[webkit-changes] [231433] releases/WebKitGTK/webkit-2.20/Source/WebCore

[carlosgc]

Title: [231433] releases/WebKitGTK/webkit-2.20/Source/WebCore

Revision

231433

Author

carlo...@webkit.org

Date

2018-05-07 02:49:20 -0700 (Mon, 07 May 2018)

Log Message

Merge r231300 - WebCore::TextureMapperLayer object used after freed
https://bugs.webkit.org/show_bug.cgi?id=184729

Reviewed by Michael Catanzaro.

Replace the raw pointers with WeakPtr for effectTarget, maskLayer and replicaLayer
inside TextureMapperLayer.

* platform/graphics/texmap/TextureMapperLayer.cpp:
(WebCore::TextureMapperLayer::~TextureMapperLayer):
(WebCore::TextureMapperLayer::setMaskLayer):
(WebCore::TextureMapperLayer::setReplicaLayer):
* platform/graphics/texmap/TextureMapperLayer.h:

Modified Paths

• releases/WebKitGTK/webkit-2.20/Source/WebCore/ChangeLog
• releases/WebKitGTK/webkit-2.20/Source/WebCore/platform/graphics/texmap/TextureMapperLayer.cpp
• releases/WebKitGTK/webkit-2.20/Source/WebCore/platform/graphics/texmap/TextureMapperLayer.h

Diff

Modified: releases/WebKitGTK/webkit-2.20/Source/WebCore/ChangeLog (231432 => 231433)

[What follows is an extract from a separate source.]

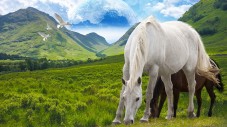 Passeggiata a Cavallo 2 ore in Toscana per quattro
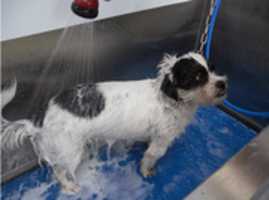 Free download DOG WASH IN USA free photo or picture to be edited with GIMP online image editor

--- releases/WebKitGTK/webkit-2.20/Source/WebCore/ChangeLog	2018-05-07 09:49:15 UTC (rev 231432)
+++ releases/WebKitGTK/webkit-2.20/Source/WebCore/ChangeLog	2018-05-07 09:49:20 UTC (rev 231433)
@@ -1,3 +1,19 @@
+2018-05-03  Miguel Gomez  <mago...@igalia.com>
+
+        WebCore::TextureMapperLayer object used after freed
+        https://bugs.webkit.org/show_bug.cgi?id=184729
+
+        Reviewed by Michael Catanzaro.
+
+        Replace the raw pointers with WeakPtr for effectTarget, maskLayer and replicaLayer
+        inside TextureMapperLayer.
+
+        * platform/graphics/texmap/TextureMapperLayer.cpp:
+        (WebCore::TextureMapperLayer::~TextureMapperLayer):
+        (WebCore::TextureMapperLayer::setMaskLayer):
+        (WebCore::TextureMapperLayer::setReplicaLayer):
+        * platform/graphics/texmap/TextureMapperLayer.h:
+
 2018-04-30  Myles C. Maxfield  <mmaxfi...@apple.com>
 
         Improve the performance of FontCascadeDescription's effectiveFamilies

Modified: releases/WebKitGTK/webkit-2.20/Source/WebCore/platform/graphics/texmap/TextureMapperLayer.cpp (231432 => 231433)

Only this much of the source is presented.